La popularité de George W. Bush vient d’atteindre son plus bas niveau depuis son arrivée à la Maison Blanche en janvier 2001. Selon un sondage réalisé par la chaîne CBS, 44% des sondés (-2 points) continuent à approuver l’action du républicain tandis que 49% (+2 points) la désapprouvent. L’expérience démontre que la probabilité de réélection est faible lorsqu’un président est sous le seuil des 50% de popularité. En outre, 39% (-2 points) des sondés approuvent la politique irakienne de l’administration, contre 58% (+7 points) qui sont d’un avis contraire. Une large majorité de sondeurs s’accordent à dire que la situation de George W. Bush est désormais périlleuse.
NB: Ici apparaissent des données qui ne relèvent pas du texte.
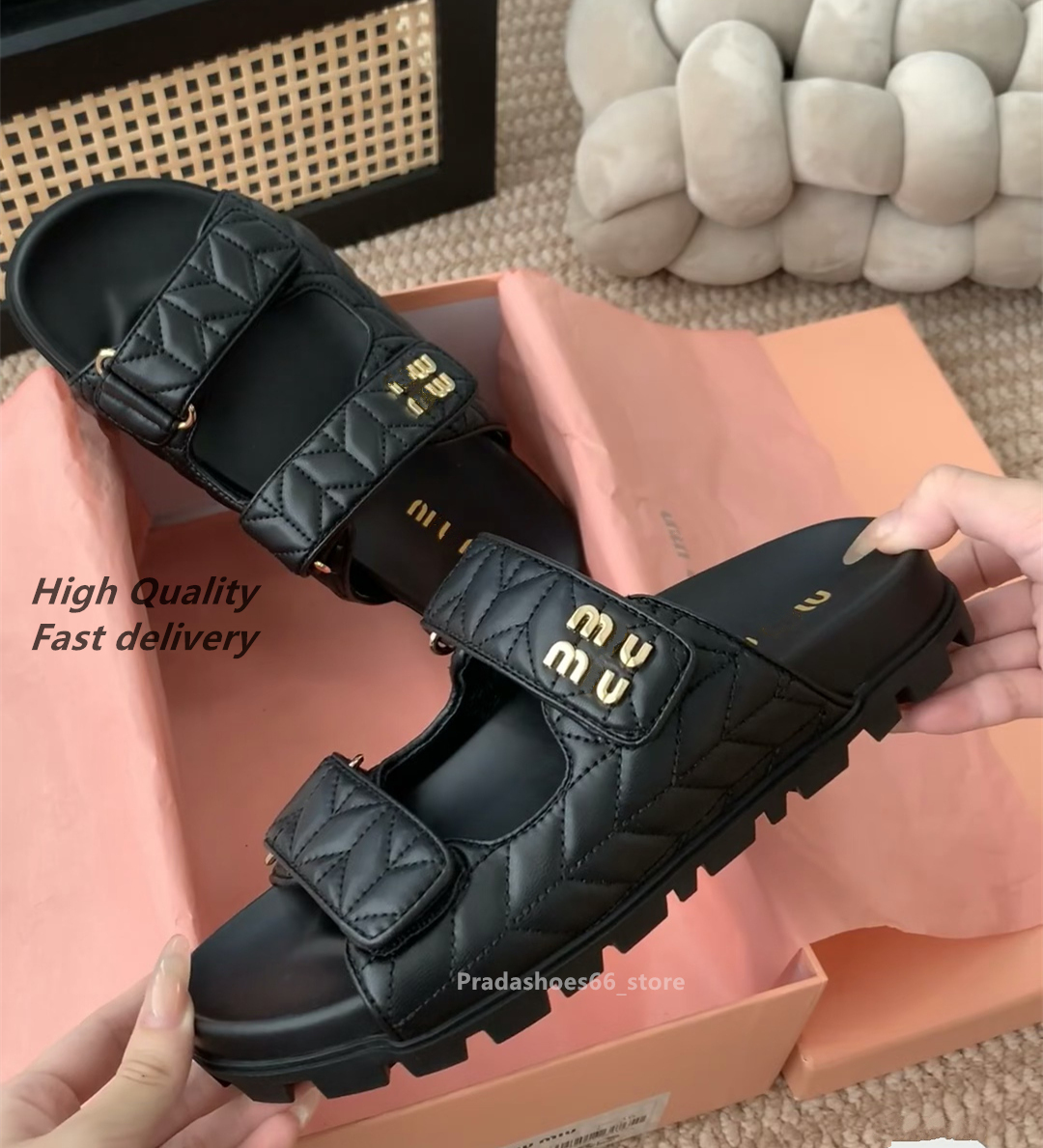 2025 New Women's Sandals Luxury Designer Mule Vintage Calfskin Leather Black Brown Denim Slippers Casual Summer Beach Flip-Flops Mule Shoes mius Slide Hook&Loop mi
La Commission fédérale aux élections (FEC) a refusé de restreindre le financement des campagnes par des groupes d’intérêts et par ceux de protection sociale. Les organisations qui se sont formées au cours des derniers mois, continueront donc à financer et à réaliser des publicités politiques. Ces groupes permettent aux démocrates de combler une partie de leur retard sur les républicains, car ces derniers peuvent compter sur un large réservoir de contributeurs. La FEC contredit la loi McCain-Feingold adoptée en 2002, en vue d’interdire les contributions illimitées des sociétés et des groupes d’intérêts aux partis.